Some basic information about real estate contracts that might help you with your next deal

As a professional investor you already know that it’s almost impossible to buy or sell a house, an office building, land, or just about any other kind of property without real estate contracts. But what exactly is a contract, and what makes it a legal, binding document? Following is some basic information about real estate contracts that should be part of your real estate knowledge base.

What is a Contract?

A contract is a written or oral agreement between two or more parties. However, in the world of real estate transactions a contract must be a WRITTEN agreement. In most, if not all states an offer to purchase real estate is not contractually binding unless it is in writing and signed by the parties involved. In short, the agreement must be in writing and it must be signed by all parties in order to be considered a binding contract.

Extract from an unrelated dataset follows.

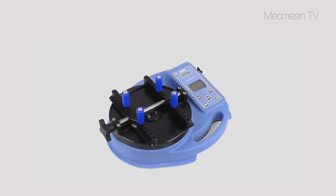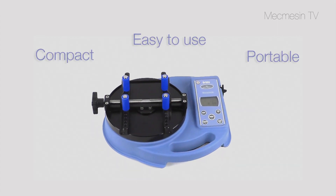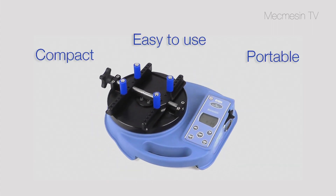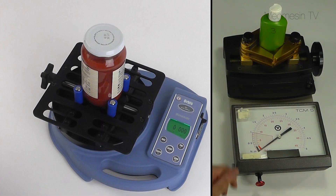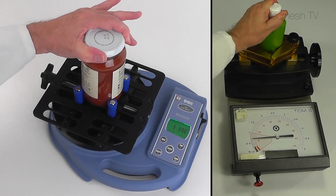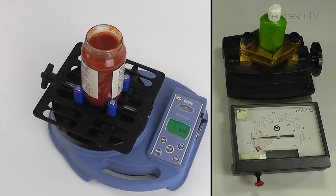The Orbis is a compact, portable torque tester, ideally suited for testing a wide range of closures and many other applications where accurate measurements are required. It provides a far greater level of accuracy compared to other forms of torque measurement.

The Four Elements of a Contract:

  1. The Offer - The first part of the contract is the offer. The offer spells out the terms and conditions of the purchase. If you’re a buyer, or an investor, a young couple looking to buy your first home, and you see a house that you like, in order to get the ball rolling, you first need to present a written offer to the seller. The offer will contain all the terms and conditions that you want to incorporate into your purchase like the purchase price, closing date, financing contingencies, and things of that nature. This is where you’re saying, okay, you want to sell your house for $100k but I want to pay $80k, and I’ll pay it on a certain day and I’ll put down so much money, and it’s all subject to the following things that if they work out the way I want, I’ll close on or before this date.
  1. Acceptance – Once the offer has been accepted, it means both parties have agreed to the terms of the sale. The offer doesn’t become a binding contract by virtue of just presenting it. The acceptance is when the seller in this case actually signs the buyer’s offer, and accepts the terms as the buyer has presented them.
  1. Intention – Intention means that there is a meeting of the minds. The seller intends to sell, and the buyer intends to buy. The Purchase Agreement will state this, but the intention should clearly be there. The Purchase Agreement must clearly state all of the intentions of the seller and buyer.
  1. Consideration – Consideration is an old legal term that basically means the buyer has given something of value to the seller for the purchase. It doesn’t matter what the “fair market value” is of the property. You can agree to sell someone a property for far less than the market value. From a practical standpoint, consideration should consist of actual currency. If you go to the point where you’re going to have a purchase agreement indicating a consideration (sum of money), you want to be clear in defining what that consideration is. In short, the consideration is the payment you provide to the seller for the property.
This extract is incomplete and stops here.